Lorsqu’on lui a demandé s’il avait déposé une plainte auprès de la police, il a répondu : "À quoi bon ? Le système israélien est de leur côté ; les soldats protègent les colons qui jettent des pierres. Lorsque les Palestiniens jettent des pierres sur les colons, ils mettent tout le camp de réfugiés de Jalazun sens dessus dessous. Mais quand c’est l’inverse ? Rien."

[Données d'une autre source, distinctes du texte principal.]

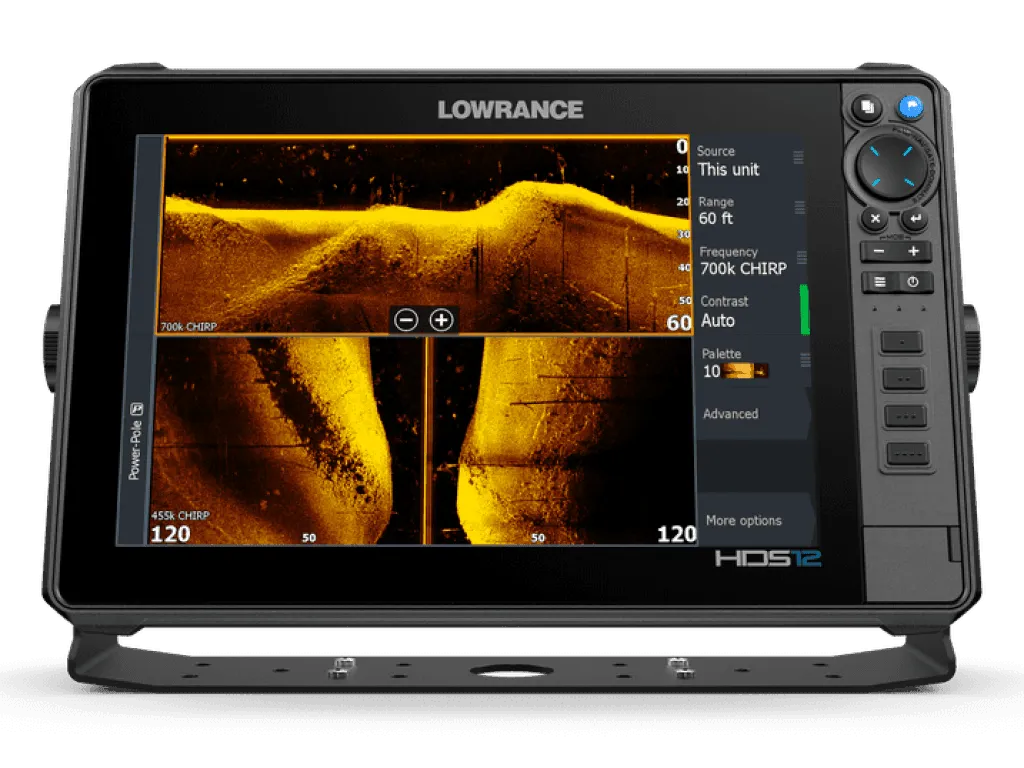 Sonar Lowrance HDS PRO 12 inch   sonda ActiveImaging™ HD 3-in-1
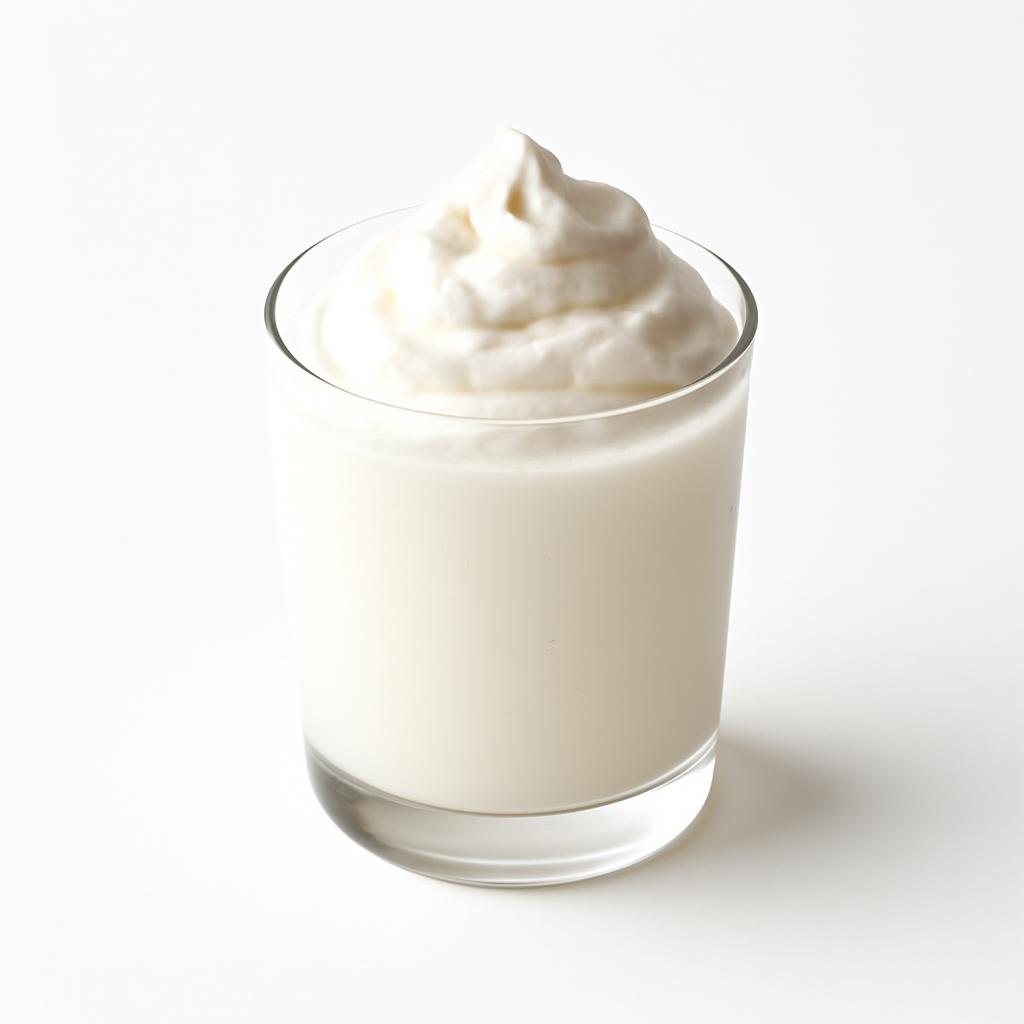 Leche merengada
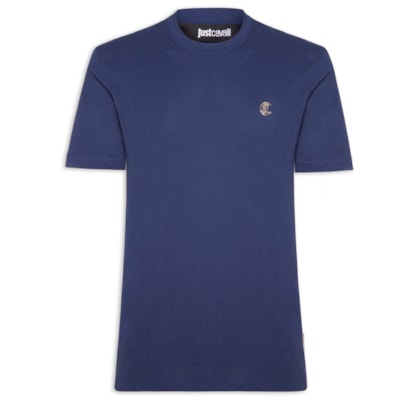 Camiseta Masculina JC Short Sleeve Patch - Azul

Hagai El-Ad, directeur exécutif de B’Tselem, a déclaré que "parler d’une tendance particulière manque la vue d’ensemble - c’est la réalité permanente, et elle produit des réalisations stratégiques sous la forme d’une prise de possession de la terre palestinienne. C’est quelque chose qu’Israël fait de nombreuses façons - certaines organisées, avec l’approbation des tribunaux, et d’autres par la violence qui a des résultats stratégiques.
"Il y a ici une façade propagandiste qui convient à Israël", a-t-il ajouté. "Il y a quelques mauvais colons, ou plus, d’un côté, et de l’autre le bon État d’Israël, qui cherche à faire respecter la loi. Mais ce n’est pas la vérité. L’État et les colons veulent tous deux la même chose : déposséder les Palestiniens de leurs terres."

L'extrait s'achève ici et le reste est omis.